There will likely be more debate about the platform for the next five weeks. It’s not within the realm of possibility that a halt to arms sales will be included, and even some warning language about how Israel uses it would almost certainly require an enormous effort, if it can be accomplished at all.

But, especially given the increasing calls within Israel for its government to agree to a permanent ceasefire and large-scale prisoner exchange, it is possible that the platform could include some language calling for just that. Again, it would be non-binding, but it would be a rare rebuke to a sitting Israeli prime minister, as Netanyahu continues to block efforts at a ceasefire. 
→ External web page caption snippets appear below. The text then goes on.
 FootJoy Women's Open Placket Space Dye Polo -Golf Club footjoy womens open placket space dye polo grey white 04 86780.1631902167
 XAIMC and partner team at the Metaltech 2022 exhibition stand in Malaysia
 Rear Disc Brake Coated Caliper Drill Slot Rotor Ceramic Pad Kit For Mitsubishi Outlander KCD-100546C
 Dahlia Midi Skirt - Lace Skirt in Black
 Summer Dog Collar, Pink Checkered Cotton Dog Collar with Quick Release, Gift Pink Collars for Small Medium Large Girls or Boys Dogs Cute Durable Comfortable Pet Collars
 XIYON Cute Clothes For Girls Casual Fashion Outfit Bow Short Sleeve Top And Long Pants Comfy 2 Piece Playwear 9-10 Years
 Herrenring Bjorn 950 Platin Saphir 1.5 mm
Democrats are clearly trying to find some way to mollify critics of their policy in Gaza. As Vice President Kamala Harris has emerged as the likely candidate to take over for Biden should he bow to the growing pressure for him to step aside, she and other Democrats have been portraying her as a moderate voice in the Biden administration.  

But advocates should not place hope there. Harris was an AIPAC darling during her brief stint in the Senate. She’s not likely to change if she becomes president.
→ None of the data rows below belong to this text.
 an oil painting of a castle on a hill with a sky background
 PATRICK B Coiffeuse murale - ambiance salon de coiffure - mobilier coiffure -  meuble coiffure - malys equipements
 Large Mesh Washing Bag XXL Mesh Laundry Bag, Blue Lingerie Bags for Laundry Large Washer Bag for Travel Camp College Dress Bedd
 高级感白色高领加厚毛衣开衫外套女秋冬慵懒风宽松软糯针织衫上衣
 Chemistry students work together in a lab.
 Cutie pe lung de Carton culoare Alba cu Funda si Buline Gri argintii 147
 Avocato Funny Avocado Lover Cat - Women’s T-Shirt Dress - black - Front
In practice, we can expect the Republicans’ public agenda to be a blunt statement of their racism, while Democrats will be less forthright. On the ground, there is good reason to believe that Democrats will want to continue the two-state delusion, while Republicans will encourage Israel to kill it once and for all with annexation. 

As is so often the case with U.S. policy on Palestine, you pick your poison, but there is no healthy choice. 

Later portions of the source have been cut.